Sydney’s Swelter Has a Climate Change Link, Scientists Say
A wildfire in New South Wales in February. Australia has been hit by brutal heat waves in the last two months. CreditNSW Rural Fire Service, via Associated Press
Southeastern Australia has suffered through a series of brutal heat waves over the past two months, with temperatures reaching a scorching 113 degrees Fahrenheit in some parts of the state of New South Wales.
“It was nothing short of awful,” said Sarah Perkins-Kirkpatrick, of the Climate Change Research Center at the University of New South Wales, in Sydney. “In Australia, we’re used to a little bit of heat. But this was at another level.”
So Dr. Perkins-Kirkpatrick, who studies climate extremes, did what comes naturally: She looked to see whether there was a link between the heat and human-driven climate change.
Her analysis, conducted with a loose-knit group of researchers called World Weather Attribution, was made public on Thursday. Their conclusion was that climate change made maximum temperatures like those seen in January and February at least 10 times more likely than a century ago, before significant greenhouse gas emissions from human activity started warming the planet.

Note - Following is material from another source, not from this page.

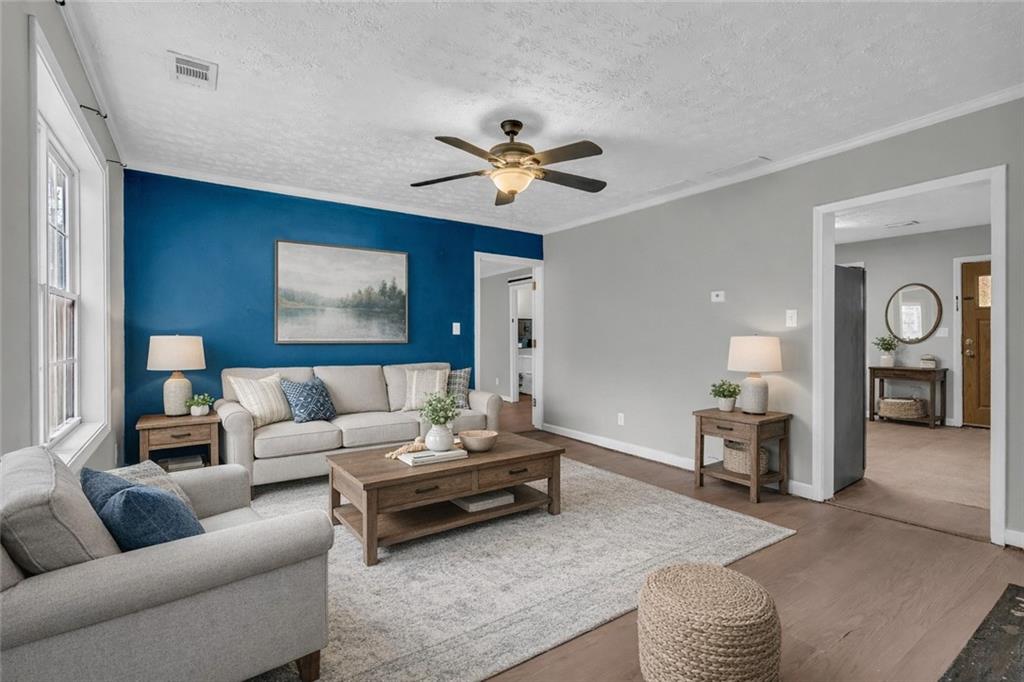 11118 City Pond Road Covington, GA 30014 - Photo 4 of 24 a living room with furniture and a chandelier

Looked at another way, that means that the kind of soaring temperatures expected to occur in New South Wales once every 500 years on average now may occur once every 50 years. What is more, the researchers found that if climate change continued unabated, such maximum temperatures may occur on average every five years.
For the overall 2016-17 summer in New South Wales, the researchers say, climate change made the hot average temperatures — which set records for the state — at least 50 times more likely than in the past.
The findings are the latest in what has become a growing field: studies that try to assess the influence of climate change on extreme weather as soon as possible. The idea is to offer scientific analyses of heat waves, floods and other events while people are still talking about them, and to counter the spread of misinformation, intentional or not, about the impact of global warming.
Climate scientists have long said that climate change should bring an increase in extreme events like dry spells and heat waves. Because warmth causes more evaporation and warmer air holds more moisture, climate change should also lead to more intense and frequent storms.
Studies have shown that these effects are occurring on a broad scale. But the natural variability of weather makes looking at individual events more difficult.
World Weather Attribution, which is coordinated by Climate Central, a research organization in Princeton, N.J., is one of a number of groups doing rapid analysis. Among other events, they have looked at flooding in Germany and France last May; high temperatures in the Arctic in November and December; and an usually strong storm that hit northern Britain in 2015.
Not all attribution studies have found a climate-change link. In general, studies of heat waves tend to produce the clearest signal of the influence, or not, of global warming.
Australian heat waves have been examined in the past, most recently in several studies that showed a clear link between climate change and a period of torrid weather in 2013. David Karoly, a scientist at the University of Melbourne, was involved in one of the studies, which took more than six months to produce.
“That was considered very rapid at the time,” Dr. Karoly said.
As a member of World Weather Attribution, Dr. Karoly helped with the study of the recent heat waves, which took about two weeks.
A big difference between the two studies is in the use of computer climate models — both of the current atmosphere with its greenhouse gas emissions and of a hypothetical atmosphere as if those emissions had never occurred and climate change was not happening.
For the older study, as for most attribution studies in the recent past, the models were run over and over again, which took months. The newer, rapid studies use models that have already been run, extracting data as needed.